1929 painting by Georgia O'Keeffe

The Lawrence Tree is a painting by Georgia O'Keeffe in 1929 of a large ponderosa pine tree on the D. H. Lawrence Ranch in Taos County, New Mexico. The tree still survives (as of 2024) and may be visited at the Lawrence Ranch.

==Background==
D. H. Lawrence and Frieda Lawrence lived in a cabin near the tree, under which the author sat on a weathered bench and wrote on a table.

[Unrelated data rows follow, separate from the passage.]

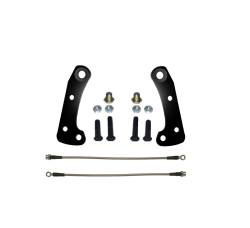 LEED Brakes - MaxGrip Lite 4 Piston Caliper Kit for GM AFX Body - Red Powder Coat - Image 3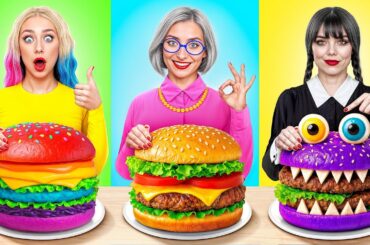 Wednesday vs Grandma Cooking Challenge | Funny Food Recipes by Multi DO Challenge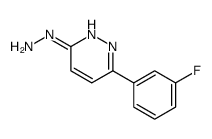 [6-(3-fluorophenyl)pyridazin-3-yl]hydrazine结构式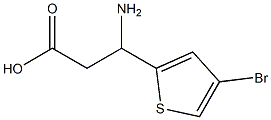 3-amino-3-(4-bromothiophen-2-yl)propanoic acid Structure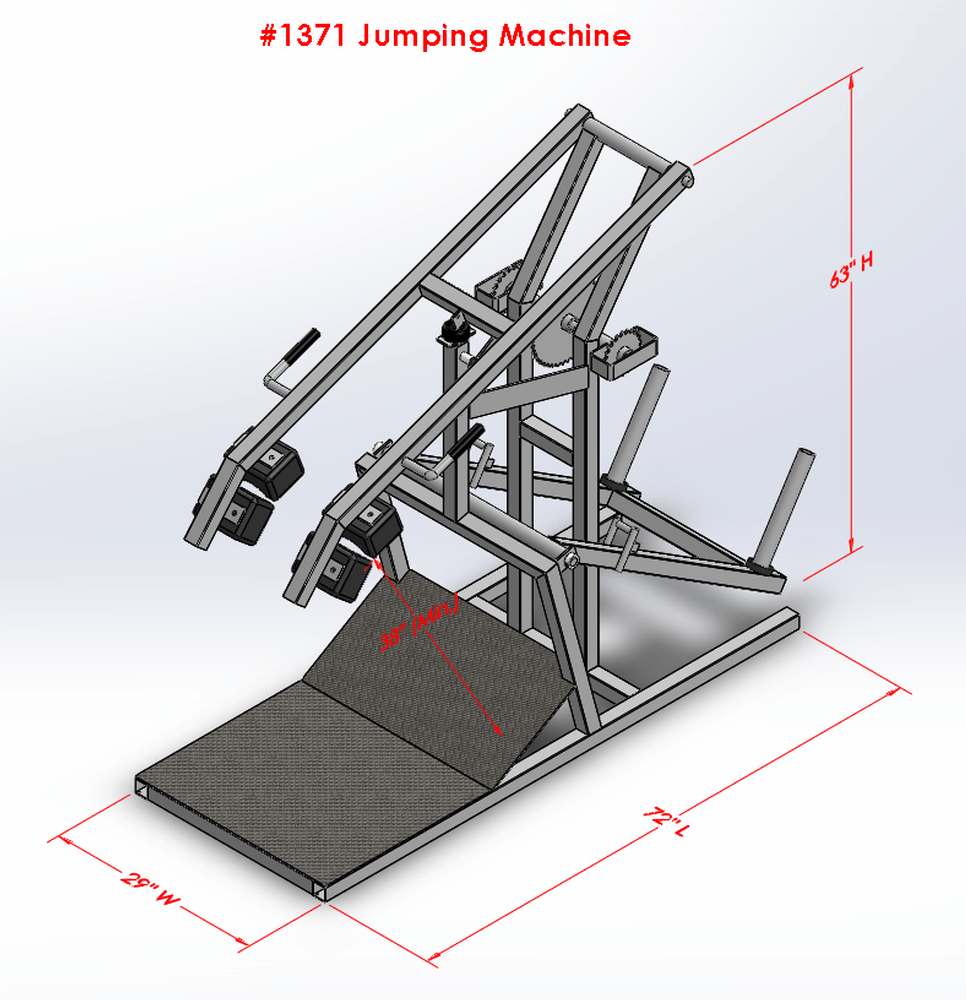 Quick Jump Machine PB 1371 Elite Power Jump Machine – Unofive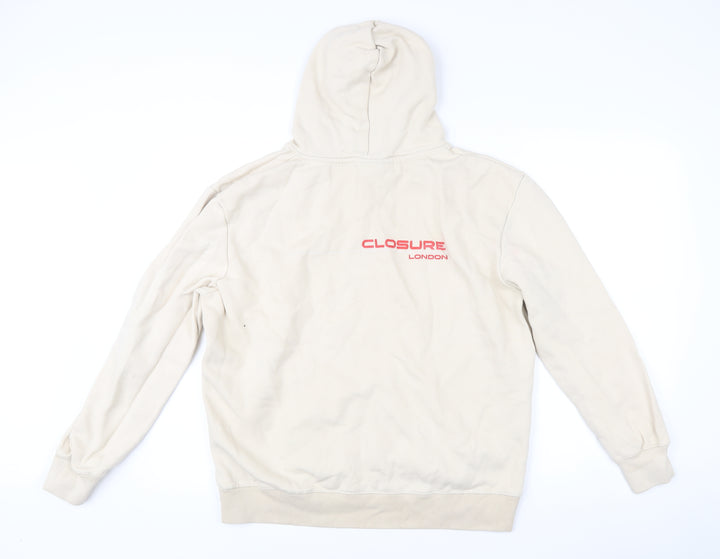 Closure London Men’s Beige XL Pullover Hoodie with Logo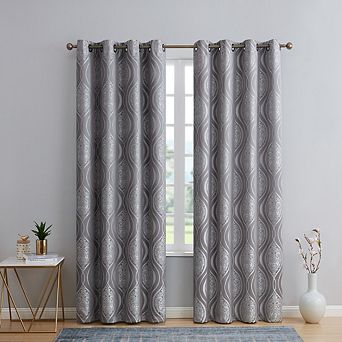 HLC.me Montero 100% Complete Blackout Total Privacy Grommet Window Treatment Curtains - Set Of 2
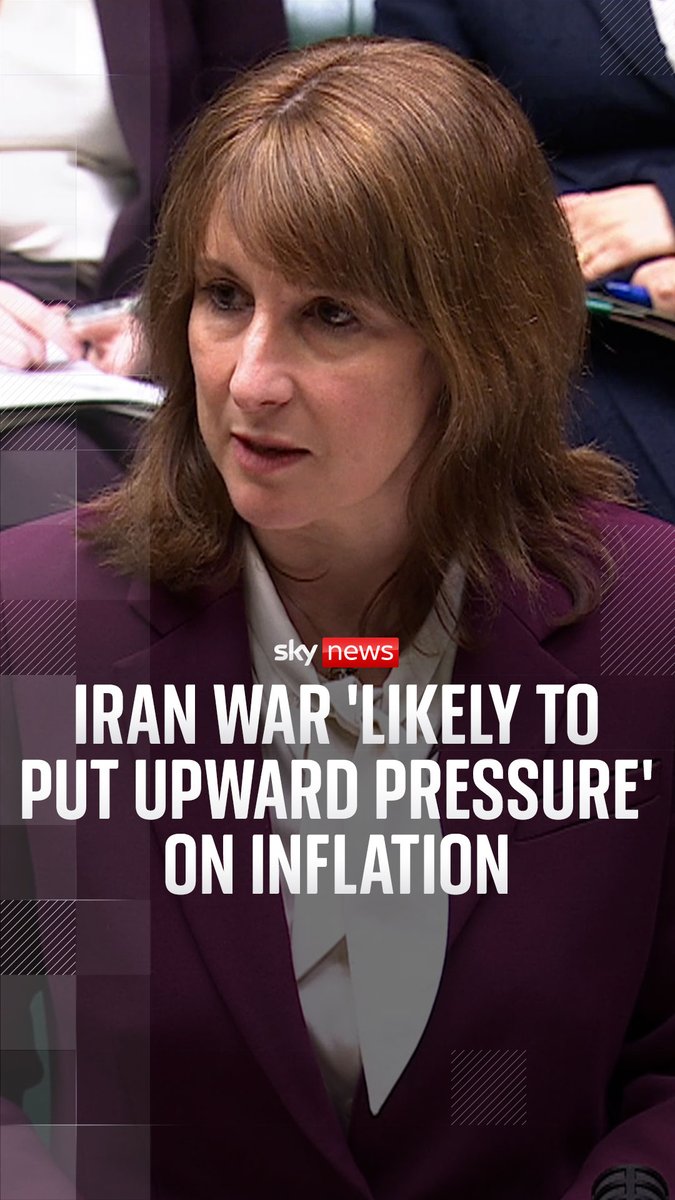 Chancellor Rachel Reeves has told MPs that inflation is likely to increase as the conflict in Iran rumbles on. She also set out the government's plan to protect families and businesses. Read more ➡️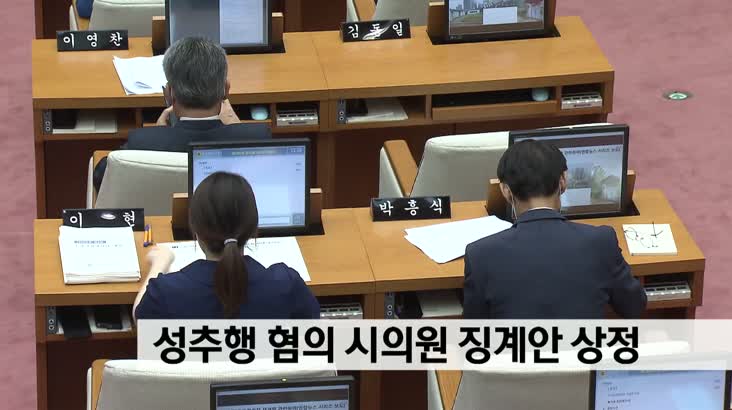 부산시의회,성추행 혐의 시의원 징계 요구안 상정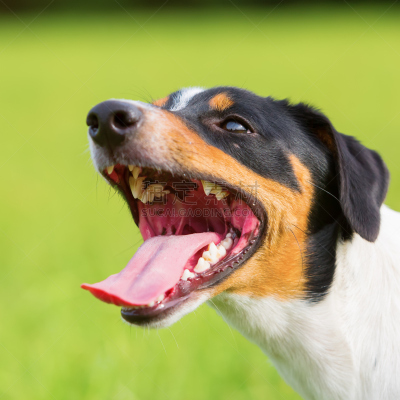 杰克拉瑟短腿犬,教区牧师,团队照片,猪嘴,舌头,梗犬,动物身体部位,夏天,户外,草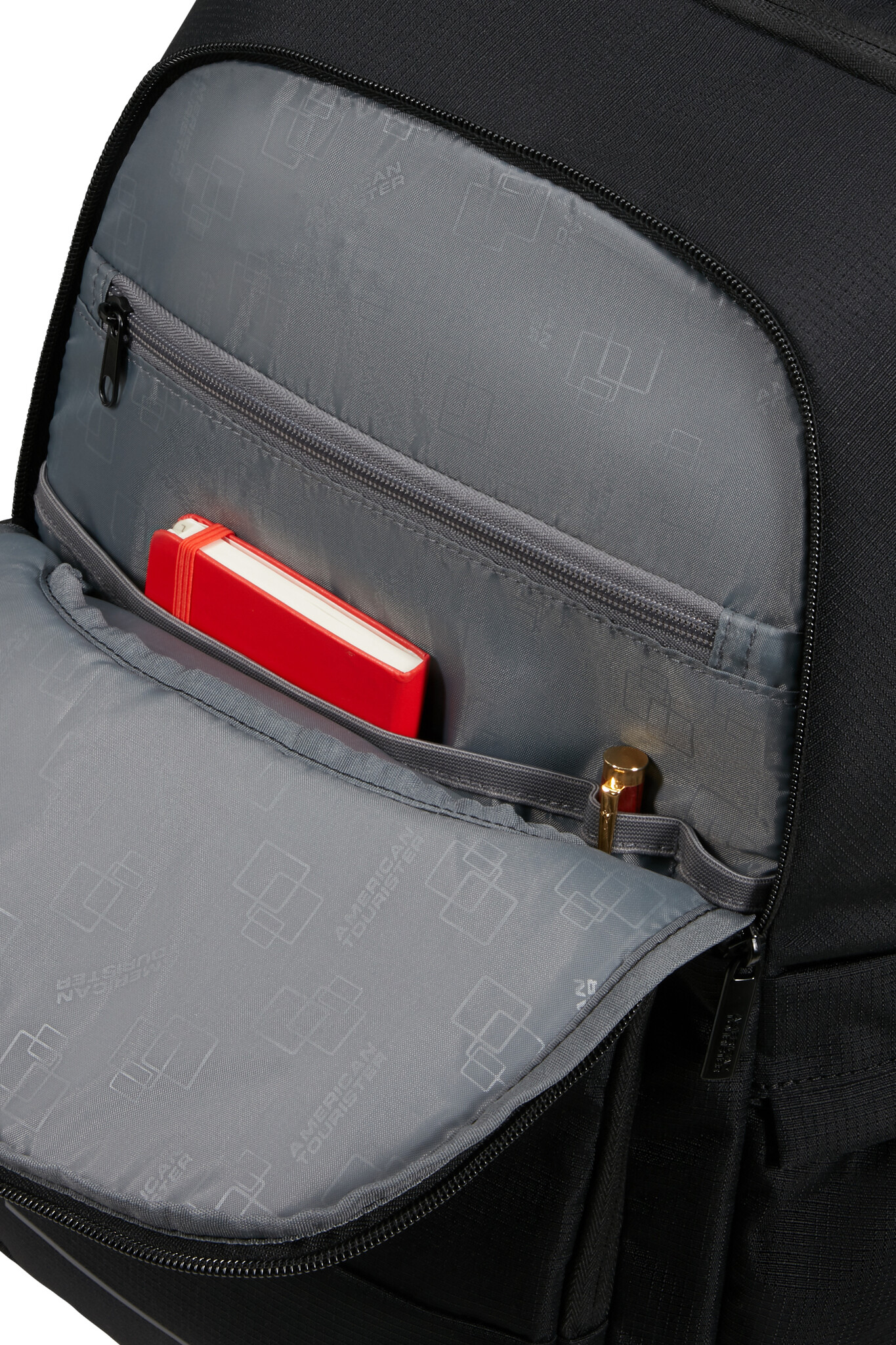 American Tourister American Tourister AT Work NXT 15.6" laptop-rugtas zwart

The big pine tree in front of the house, standing still and unconcerned and alive...the overshadowing tree whose green top one never looks at... One goes out of the door and the tree-trunk is there, like a guardian angel. The tree-trunk, the long work table and the fence!
— D. H. Lawrence

==Overview==
In 1929, O'Keeffe stayed with Mabel Dodge Luhan, who was a patroness who brought modernists to the Taos art colony. While there she visited the ranch and painted the tree. The perspective was captured by lying down on the bench and looking into the night sky through the branches of the tree. Because of this, the work can be hung in different ways. The Wadsworth Atheneum, who owns the painting, displays it with the treetop facing the bottom edge. They note that "when the Wadsworth Atheneum acquired this painting from the artist, she confirmed its ambiguous orientation. At one point it was installed with the trunk emerging from the lower edge. It is presently shown, in keeping with her earlier preference, as it is oriented here, allowing the viewer to experience the artist’s favored vantage point."

Art historian Bonnie L. Grad has shown that O'Keeffe's painting is not simply a depiction of this monumental tree, but is an homage to Lawrence, whose writings were an important though generally overlooked source of inspiration for the artist (as explored in Grad's 1998 article, "Georgia O'Keeffe's Lawrencean Vision" in the Archives of American Art Journal). She describes this painting as "a fitting and generous tribute to the author whose legacy she had become heir to."